McDonell: 'In the end, a solid, positive campaign won and I'm glad that's what happened.'
Mike Basford walked with glee around Dane County Clerk candidate Scott McDonell's backyard on Tuesday night, reading results from his tablet computer to McDonell's friends and neighbors.
Just before 10 p.m., Basford, chair of the Democratic Party of Dane County, and the candidate huddled around the screen, and McDonell emerged to tell supporters he was victorious and receive some high fives.
The crowd of around 20 gathered in McDonell's Doty Street driveway and backyard, drinking beer and eating food made by McDonell himself. But the highlight for the victorious candidate was sharing the time with his young daughters, who are seven and five years old.
"This is the first time I've had an election party with them, and I want them to experience some of that too," he said.
The unofficial results gave McDonell more than 16,000 votes, beating out second-place finisher and Madison administrative support clerk Mike Quieto by about 3,500 votes.
Quieto's campaign manager Zach Madden said Mike is "ready to get back to work" in Madison, and they felt good about the campaign, which grew contentious at times.
"Our campaign was run with hard work from Mike at every step of the way. When he wasn't working for the voters in the city of Madison, he was on the campaign trail talking to voters all around Dane County," Madden said. "We ran an honest, truthful campaign with the guy who was the progressive, professional candidate and we can't feel any better about the campaign we ran."
McDonell didn't necessarily feel the same, calling Quieto's campaign "deceptive and kind of negative," specifically referring to a recent controversy over campaign literature sent out by Quieto.
A campaign flier showed a picture of Quieto, state Rep. Mark Pocan (D-Madison) who did not endorse anyone in the race, and state Sen. Fred Risser (D-Madison), who endorsed McDonell. While nowhere on the flier did it mention either candidate endorsing Quieto, McDonell said "faking an endorsement from Mark Pocan probably helped him."
"In the end, a solid, positive campaign won and I'm glad that's what happened," McDonell said.
Madden did not comment on the flier Tuesday night.
The third-place finisher, Sun Prairie Clerk Diane Hermann-Brown, expressed a similar sentiment towards Quieto, who she said spread a lie about her wanting to abolish absentee voting if elected.
"At the end, you had a candidate that was just saying things that weren't true and trying to defame you, and that's an obstacle you can't really fight when you don't have the money and you don't have the time to fight back with," Hermann-Brown said. "I'm walking away with my ethics, I'm walking away with my values still intact. I'm not sure the other candidates can say that."
Going forward, McDonell said he hopes to ensure minimal problems stemming from the recent voter ID law, as well as "revamp" county board agendas and meeting minutes so "anyone can find out what's going on in county government."
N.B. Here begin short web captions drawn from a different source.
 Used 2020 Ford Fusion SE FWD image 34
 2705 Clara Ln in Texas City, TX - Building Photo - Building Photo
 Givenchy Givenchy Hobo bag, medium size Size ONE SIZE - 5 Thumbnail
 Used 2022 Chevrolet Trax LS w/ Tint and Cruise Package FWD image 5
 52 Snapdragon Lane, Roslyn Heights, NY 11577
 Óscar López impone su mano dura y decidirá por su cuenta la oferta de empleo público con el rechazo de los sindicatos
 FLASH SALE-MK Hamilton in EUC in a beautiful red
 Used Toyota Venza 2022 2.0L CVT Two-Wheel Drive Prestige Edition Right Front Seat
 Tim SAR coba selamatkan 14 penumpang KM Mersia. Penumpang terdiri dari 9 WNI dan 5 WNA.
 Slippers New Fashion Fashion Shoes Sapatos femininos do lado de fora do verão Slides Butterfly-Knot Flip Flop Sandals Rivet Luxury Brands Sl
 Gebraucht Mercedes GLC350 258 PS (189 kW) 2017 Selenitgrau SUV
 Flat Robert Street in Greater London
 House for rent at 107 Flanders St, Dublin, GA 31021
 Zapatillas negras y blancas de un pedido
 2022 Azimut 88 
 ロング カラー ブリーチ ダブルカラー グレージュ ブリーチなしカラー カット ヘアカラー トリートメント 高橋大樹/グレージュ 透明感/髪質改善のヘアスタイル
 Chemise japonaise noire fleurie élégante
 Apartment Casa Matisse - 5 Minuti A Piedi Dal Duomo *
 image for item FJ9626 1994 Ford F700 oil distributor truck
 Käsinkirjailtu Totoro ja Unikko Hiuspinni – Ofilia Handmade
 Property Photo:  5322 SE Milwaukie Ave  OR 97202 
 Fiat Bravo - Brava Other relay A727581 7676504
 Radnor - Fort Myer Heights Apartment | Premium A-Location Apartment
Hermann-Brown said in her position as a city clerk, she plans to hold McDonell to some of his campaign promises about increased funding for clerks in Dane County.
"I'm going to be reminding him of all of those things he was going to do for us," she said.
While the general election will take place in November, the Democratic candidate will be the only one on the ballot, so McDonell is assured to take over the position in January.